Stolen guitars, sex in public: Neighbors reporting issues in Hamilton area cleared of homeless

Credit: DaytonDailyNews

Frustration is increasing again in Hamilton’s Lindenwald neighborhood, where people have been reporting thefts, even when video cameras clearly are posted. One naked couple recently was seen openly having sex, upsetting neighbors.

The area is the same one, around the northern end of Madison Avenue, where city crews recently cleared brush and trees where homeless people were living outdoors.

“Just caught 2 people completely naked having sex,” the account of Ashley and Ben Wilson wrote on Facebook. “And lucky me, my little girl was home sick from school and walked outside to get into our van just to see the whole thing … I’m beyond (upset) and I chased them down to let them know just how I felt!”

Ashley Wilson was among the leaders of an effort to rid the neighborhood of people who were openly using drugs in their area and stealing many items, including bicycles and plants from their porches.

Police Chief Craig Bucheit said an officer was in the area Tuesday speaking with people about the issues.

“It’s a pretty profane act,” he said about the open sex. “We’ll try to locate these people, we’ll keep an eye out.”

Bucheit reiterated the call he and other city officials have issued previously for people to use Hamilton’s electronic 311 system to report ongoing issues using computers or smart phones or to call emergency 911 if there is an immediate need for officers at a scene.

“Anything that’s occurring that needs immediate action, call 911,” Bucheit said. “And the 311 is more for after-the-fact, or chronic, or follow-up.”

Lindenwald is a neighborhood of generally well-kept homes that also has the city’s most active neighborhood association.

The chief noted that the clearing of brush on the CSX railroad property behind neighborhood houses curtailed some of the problems.

“Before all that stuff was cut down, who knows what was going on that people weren’t seeing?” Bucheit said. “I would say having gone through the efforts we have down there, the people who are in the neighborhood, it makes their surveillance of the area more effective, and so I would expect they’re going to see more people.

“But, in the past when the community wasn’t as involved with the police, those things may have gone unreported.”

Dakota Logan, who lives on Bishop Avenue, had a $980 custom guitar stolen from the side of his house, where a UPS driver had left it without requiring a signature.

“It was damn near a $1,000 guitar,” Logan said. “I didn’t even receive the guitar.
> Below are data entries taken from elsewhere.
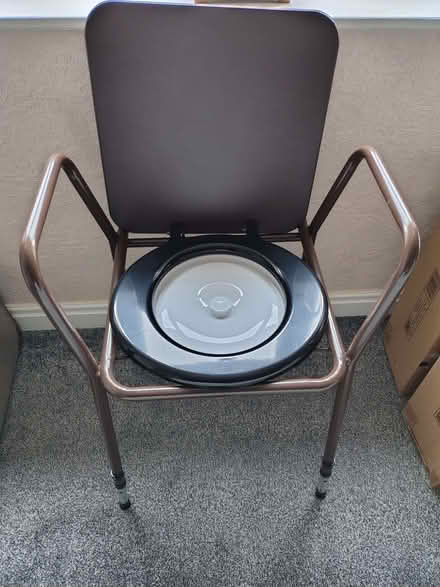 Photo of free Commode (Caton LA2) #1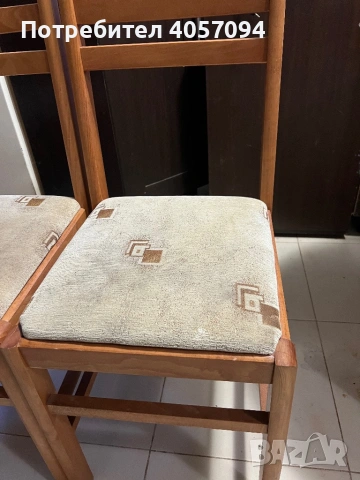 Продавам четири дървени стола за хранене., снимка 4 - Столове - 53257132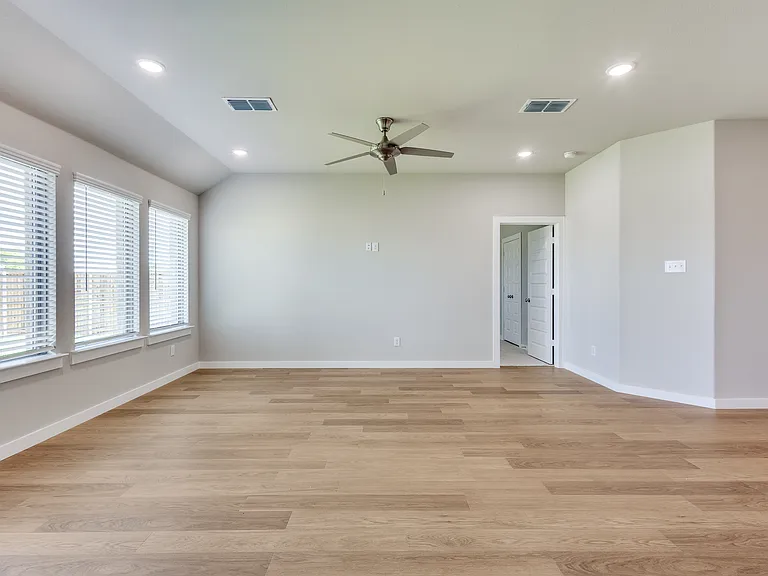 5107 Meditation Dr — Photo 8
They stole it off the side of my house before I could even get it in the house. It was delivered by UPS and they didn’t make me sign for it, at $980.”

“They walked through two security cameras that just happened to be dead, coincidentally, at the time.”

He hopes to recover the guitar because he doesn’t believe there’s another like within at least 100 miles.

“This person must have been really desperate for some money, to walk right into my property, next to my vehicles and stuff, to get to where he did, to get the guitar,” he said.

Another neighborhood video shows a balding man in a T-shirt sneaking across a Brough Avenue porch, grabbing a plant and hurrying off.